I cringed, however, as these also made me recall a few of my fundraising flops. Most, fortunately, were committed when I was a novice Director of Development trying to keep too many balls aloft. And, while I know I haven’t been alone in my blunders, perhaps sharing them will help others avoid similar pitfalls.
Missing In Action
Are you missing gifts from significant past donors who typically have given by now? If so, make sure that your best intentions haven’t gotten the best of you. If you have pulled names from your annual fund mailing because you plan on meeting with them personally, get a letter out to them today! If you do get together with them later in your fiscal year, fantastic! If they are a legitimate prospect, they aren’t going to turn down a visit just because they already mailed a check. But, they are very unlikely to mail you a check if you don’t ask! I found the source of a $12,000 annual giving shortfall one year when I realized many $1000+ donors hadn’t been solicited. Trust me, you do not want to explain that one to your boss!
Low Ball Lucy
Have you given past donors too much of an opportunity to give less this year than in the past? Your response vehicles and ask arrays should accommodate your gift request. If a donor gave $250 last year, do not send a response card with a $50 option. Customizing your response vehicles to coincide with your ask amounts can significantly reduce decreases in giving.

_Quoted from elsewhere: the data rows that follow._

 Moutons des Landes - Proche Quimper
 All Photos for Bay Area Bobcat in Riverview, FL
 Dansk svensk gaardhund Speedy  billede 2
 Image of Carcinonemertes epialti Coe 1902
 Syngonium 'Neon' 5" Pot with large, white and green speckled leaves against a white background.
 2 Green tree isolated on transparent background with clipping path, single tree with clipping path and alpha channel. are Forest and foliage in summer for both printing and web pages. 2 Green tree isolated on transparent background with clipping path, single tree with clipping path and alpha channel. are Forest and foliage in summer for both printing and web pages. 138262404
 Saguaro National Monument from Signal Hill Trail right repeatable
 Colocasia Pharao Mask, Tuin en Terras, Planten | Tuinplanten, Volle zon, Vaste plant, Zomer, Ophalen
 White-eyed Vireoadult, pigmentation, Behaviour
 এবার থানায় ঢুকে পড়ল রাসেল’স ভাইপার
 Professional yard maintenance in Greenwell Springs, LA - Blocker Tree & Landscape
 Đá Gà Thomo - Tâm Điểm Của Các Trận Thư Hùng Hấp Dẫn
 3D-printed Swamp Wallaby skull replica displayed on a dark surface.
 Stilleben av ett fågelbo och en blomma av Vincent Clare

Speaking of Response Vehicles…
Send one! In the words of Mark Pitman, sending an appeal without a reply device “is a waste of time.” Obviously this probably isn’t your intent, but trust me, in the scurry of year-end activities, it can happen! Whether are working with a direct mail firm or getting the mailing out the door yourself, make sure all pieces are included. Leave nothing to chance!
Timing is Everything
Take the post office seriously when they tell you how long mail can take this time of year. If the focus of your appeal is giving before December 31, it won’t make much sense to the prospect if it arrives January 2. It simply makes you look like a very poor planner. Think about how you respond when you get a newsletter filled with dates and events that have already passed. It doesn’t give you a very good feeling about the sophistication of the organization. Plan ahead, and get that schedule firmed up now for any last minute mailings.
These may all seem like basic common sense—and, in fact, they are. But, as most seasoned development professionals will admit, things get crazy this time of year. With a little planning and attention to detail, you can ensure year-end success rather than year-end disaster!